So, before you click a link, accept a connection request, or download a file, take a moment to think about the implications if the person on the other end has a malicious intent. These are the sorts of questions to ask yourself:
Do I personally know this individual and/or trust this connection?
The safest rule of thumb on social media (and a great piece of advice for minors) is to refuse connections from anyone you haven’t met personally. That isn’t always possible (particularly on Twitter), but it always makes sense to think about who you are connecting with and what they are seeing from you. Most privacy settings focus on protecting your data from the prying eyes of those outside your accepted circle of connections. All bets are off with those who have been granted access.
Am I already connected to this person?
Social media accounts are frequently the target of imposters, particularly Facebook accounts. We’ve personally seen cases where friends’ accounts were duplicated, and you probably have too. Before you connect a second time, double check with your friend to see what’s going on.
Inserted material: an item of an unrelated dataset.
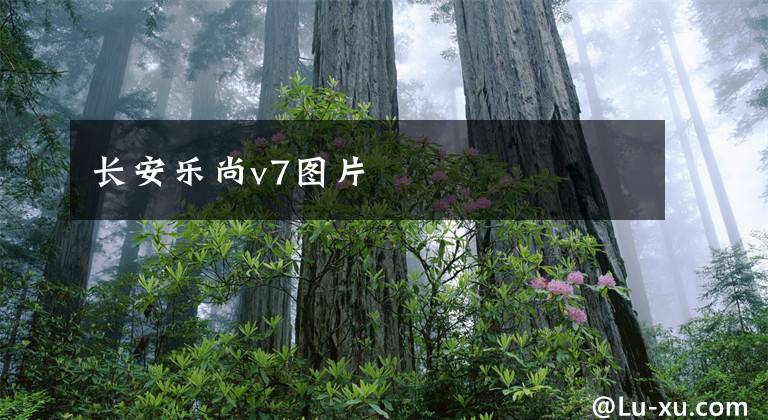 长安乐尚v7图片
Does this seem legitimate?
From promises of free gift cards and access to premium content, to teasers about sensational stories and the latest celebrity gossip, there is a lot of click bait out there. Scammers create fake profiles and business pages (a practice known as "pretexting") and use known brand names, incredible offers, and dramatic headlines to lure you in. Steer clear of too-good-to-be-true traps. (And don’t be the one who shares the scammers’ links for them!)
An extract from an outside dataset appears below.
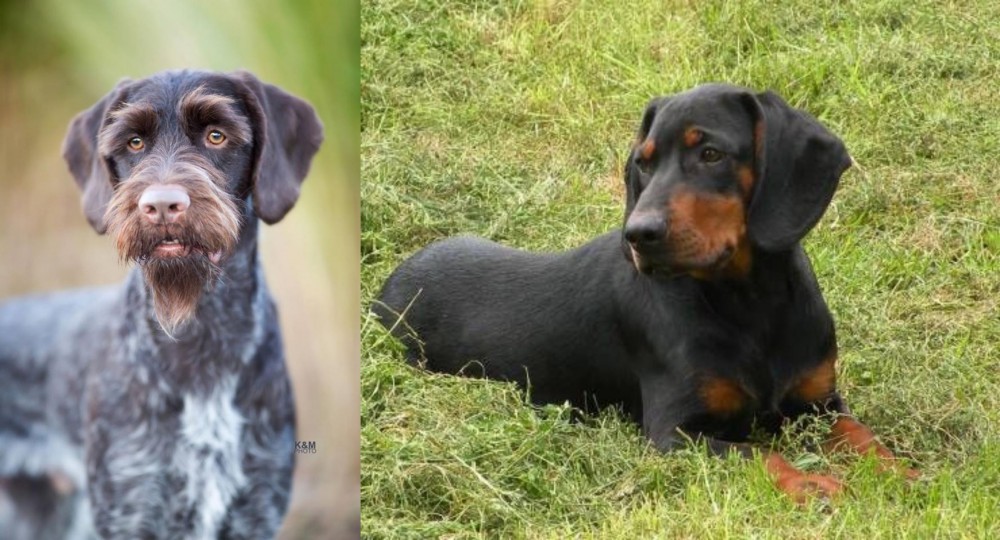 Slovakian Hound vs German Wirehaired Pointer - Breed Comparison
Also take notice if a friend suddenly starts posting odd things (like multiple ads for free sunglasses) or randomly asks you for money. Social media accounts are hacked regularly, and the hackers often blast out posts and messages looking for a quick score. If you suspect an account has been breached, reach out to your friend through another trusted channel or report the account.
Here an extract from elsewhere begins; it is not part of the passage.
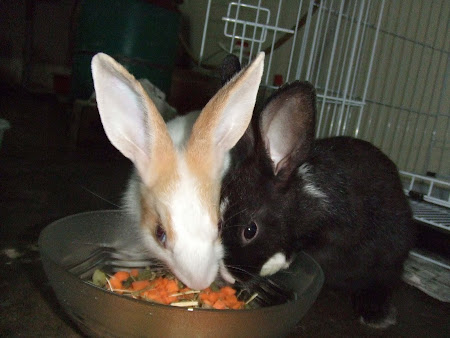 my rabbit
Do I know for sure this link/file is safe?
Malicious links and ads are everywhere online, and they frequently find homes on social media. Shortened URLs — which reduce length (often to help with character count restrictions) — are particularly risky because they eliminate visibility into where links actually lead.
Seemingly innocent links can get you into a lot of hot water. Bottom line: Confirm before you click. If something seems off, avoid it. You should be as cautious on social media as you are with emails.
Am I teaching my kids to police themselves?
If you have children, it’s always a good idea to check in on what they’re doing online and the connections they are making. But it’s an equally good idea to be proactive about social media safety. Teach them how to apply these best practices themselves — and instruct them to ask questions if they are unsure about something.
Because our human tendency is to be trusting and open, it’s important we all learn how to balance social sharing and safe sharing. Online safety can feel like a moving target, but these social media tips, which offer relatively basic precautions, can drastically improve your level of cybersecurity.